▶ [Problem requirements]
From the records below, transcribe exactly the lines that begin at the line with "chisel icon, vector art with outline" and end at the line with "Denver Bridal Studio", both included.

▶ [Data records]

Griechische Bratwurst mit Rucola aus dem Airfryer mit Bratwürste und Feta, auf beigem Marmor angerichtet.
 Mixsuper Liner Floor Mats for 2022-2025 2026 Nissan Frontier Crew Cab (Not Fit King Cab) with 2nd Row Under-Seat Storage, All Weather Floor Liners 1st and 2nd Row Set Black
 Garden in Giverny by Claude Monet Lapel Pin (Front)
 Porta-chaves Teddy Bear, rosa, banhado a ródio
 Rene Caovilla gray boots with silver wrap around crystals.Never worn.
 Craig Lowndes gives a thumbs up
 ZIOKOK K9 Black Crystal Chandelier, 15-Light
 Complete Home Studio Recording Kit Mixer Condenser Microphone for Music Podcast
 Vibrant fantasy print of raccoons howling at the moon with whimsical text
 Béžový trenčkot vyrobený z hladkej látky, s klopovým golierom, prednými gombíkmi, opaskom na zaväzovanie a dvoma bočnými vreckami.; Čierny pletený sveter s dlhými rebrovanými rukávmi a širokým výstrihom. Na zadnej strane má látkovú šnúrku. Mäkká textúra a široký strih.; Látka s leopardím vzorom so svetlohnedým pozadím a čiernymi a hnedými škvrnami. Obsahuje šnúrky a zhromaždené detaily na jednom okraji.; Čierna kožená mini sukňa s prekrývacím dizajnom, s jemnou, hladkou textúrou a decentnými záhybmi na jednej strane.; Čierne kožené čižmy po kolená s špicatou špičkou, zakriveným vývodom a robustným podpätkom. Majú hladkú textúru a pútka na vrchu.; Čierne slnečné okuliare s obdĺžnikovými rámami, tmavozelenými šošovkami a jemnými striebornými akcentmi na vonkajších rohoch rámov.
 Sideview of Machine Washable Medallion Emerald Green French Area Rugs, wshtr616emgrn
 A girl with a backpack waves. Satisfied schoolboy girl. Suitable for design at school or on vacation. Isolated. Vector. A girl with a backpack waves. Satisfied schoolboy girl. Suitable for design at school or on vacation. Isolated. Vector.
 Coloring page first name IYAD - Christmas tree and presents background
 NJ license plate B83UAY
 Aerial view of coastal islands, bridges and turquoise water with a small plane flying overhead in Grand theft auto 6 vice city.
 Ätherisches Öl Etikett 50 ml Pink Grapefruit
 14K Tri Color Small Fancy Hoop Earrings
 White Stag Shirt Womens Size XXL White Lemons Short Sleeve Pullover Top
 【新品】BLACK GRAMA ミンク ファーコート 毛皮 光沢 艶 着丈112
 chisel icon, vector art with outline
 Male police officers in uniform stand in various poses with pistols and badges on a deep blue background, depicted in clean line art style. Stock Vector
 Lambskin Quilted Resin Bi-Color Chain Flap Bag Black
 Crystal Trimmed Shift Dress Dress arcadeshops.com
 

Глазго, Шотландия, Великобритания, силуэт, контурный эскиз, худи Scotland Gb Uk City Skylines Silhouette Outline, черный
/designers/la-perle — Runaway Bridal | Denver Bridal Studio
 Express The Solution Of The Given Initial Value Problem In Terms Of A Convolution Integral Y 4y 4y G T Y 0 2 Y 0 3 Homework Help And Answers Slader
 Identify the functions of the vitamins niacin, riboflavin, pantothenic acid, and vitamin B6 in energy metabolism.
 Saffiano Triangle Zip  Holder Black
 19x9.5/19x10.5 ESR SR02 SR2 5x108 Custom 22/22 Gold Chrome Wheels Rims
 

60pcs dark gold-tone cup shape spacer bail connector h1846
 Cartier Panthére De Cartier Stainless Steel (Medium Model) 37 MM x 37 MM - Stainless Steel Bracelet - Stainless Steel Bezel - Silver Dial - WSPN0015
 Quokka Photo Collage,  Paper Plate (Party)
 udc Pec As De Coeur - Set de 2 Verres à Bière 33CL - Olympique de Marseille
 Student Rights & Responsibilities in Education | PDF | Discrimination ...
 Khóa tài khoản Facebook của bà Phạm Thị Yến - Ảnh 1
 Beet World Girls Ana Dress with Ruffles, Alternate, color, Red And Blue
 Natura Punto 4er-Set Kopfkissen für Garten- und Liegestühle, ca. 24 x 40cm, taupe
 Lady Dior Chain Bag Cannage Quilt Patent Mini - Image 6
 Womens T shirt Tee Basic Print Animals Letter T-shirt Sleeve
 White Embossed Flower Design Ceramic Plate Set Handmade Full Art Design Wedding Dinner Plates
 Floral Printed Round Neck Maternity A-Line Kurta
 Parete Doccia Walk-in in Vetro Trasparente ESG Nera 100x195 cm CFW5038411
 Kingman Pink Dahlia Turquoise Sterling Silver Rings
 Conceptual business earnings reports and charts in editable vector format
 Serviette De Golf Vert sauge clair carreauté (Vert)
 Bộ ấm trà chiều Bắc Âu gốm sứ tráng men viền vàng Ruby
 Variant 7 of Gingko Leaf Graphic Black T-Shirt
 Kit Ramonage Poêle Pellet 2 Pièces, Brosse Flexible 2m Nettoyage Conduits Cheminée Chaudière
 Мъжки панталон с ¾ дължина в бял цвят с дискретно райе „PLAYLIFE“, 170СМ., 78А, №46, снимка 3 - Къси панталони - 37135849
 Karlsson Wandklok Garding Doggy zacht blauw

▶ [Solution for this task]
 chisel icon, vector art with outline
 Male police officers in uniform stand in various poses with pistols and badges on a deep blue background, depicted in clean line art style. Stock Vector
 Lambskin Quilted Resin Bi-Color Chain Flap Bag Black
 Crystal Trimmed Shift Dress Dress arcadeshops.com
 

Глазго, Шотландия, Великобритания, силуэт, контурный эскиз, худи Scotland Gb Uk City Skylines Silhouette Outline, черный
/designers/la-perle — Runaway Bridal | Denver Bridal Studio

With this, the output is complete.